THE PROBLEM = Write out the listing below in its entirety, minus the pictures, without changing a word.

INPUT FOR THIS TASK =

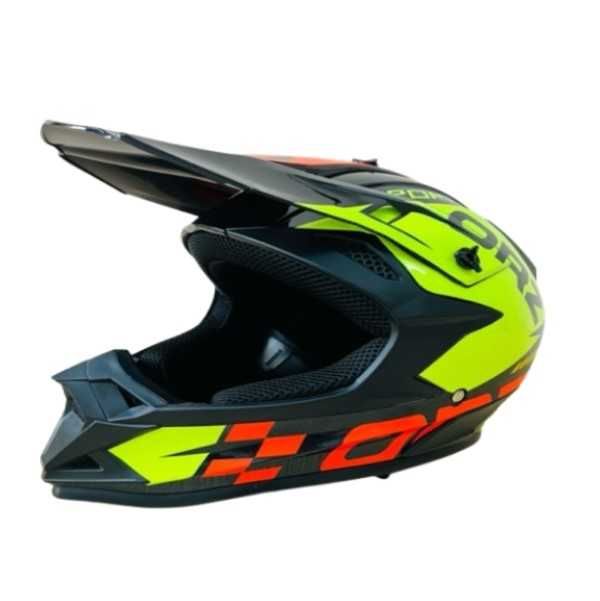 Кросова каска, За мотор, Велосипед, S, M и L размер, Черно с оранжево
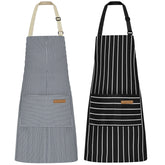 NLUS blue pinstripe kitchen apron, front view with two pockets for tools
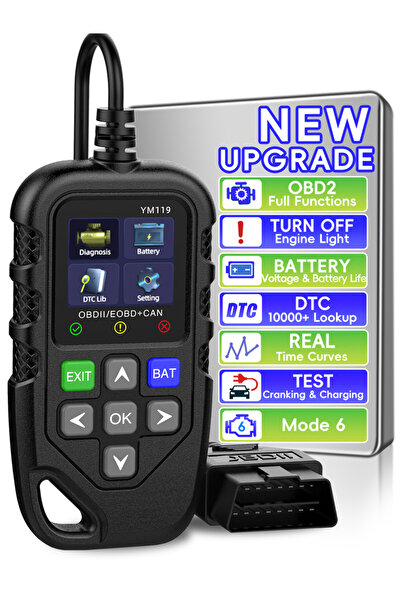Choice ماسح ضوئي OBD2 أسود مع اختبار البطارية، أداة تشخيص الماسح الضوئي OBDII...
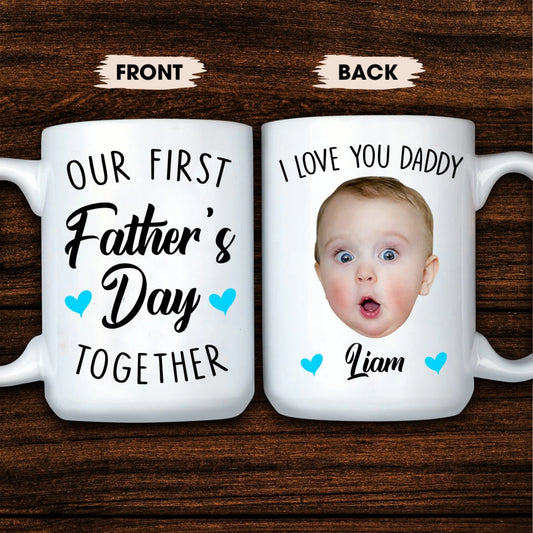 Our First Father's Day Together, Personalized Kid Photo and Kid Name, Best Gift For Dad, Custom Choo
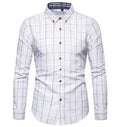 Wholesale White Black Cotton Blend Custom Oversized Men Casual Business Shirt Long Sleeve Plaid Shirt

EXPECTED ANSWER =
 Кросова каска, За мотор, Велосипед, S, M и L размер, Черно с оранжево
 NLUS blue pinstripe kitchen apron, front view with two pockets for tools
Choice ماسح ضوئي OBD2 أسود مع اختبار البطارية، أداة تشخيص الماسح الضوئي OBDII...
 Our First Father's Day Together, Personalized Kid Photo and Kid Name, Best Gift For Dad, Custom Choo
 Wholesale White Black Cotton Blend Custom Oversized Men Casual Business Shirt Long Sleeve Plaid Shirt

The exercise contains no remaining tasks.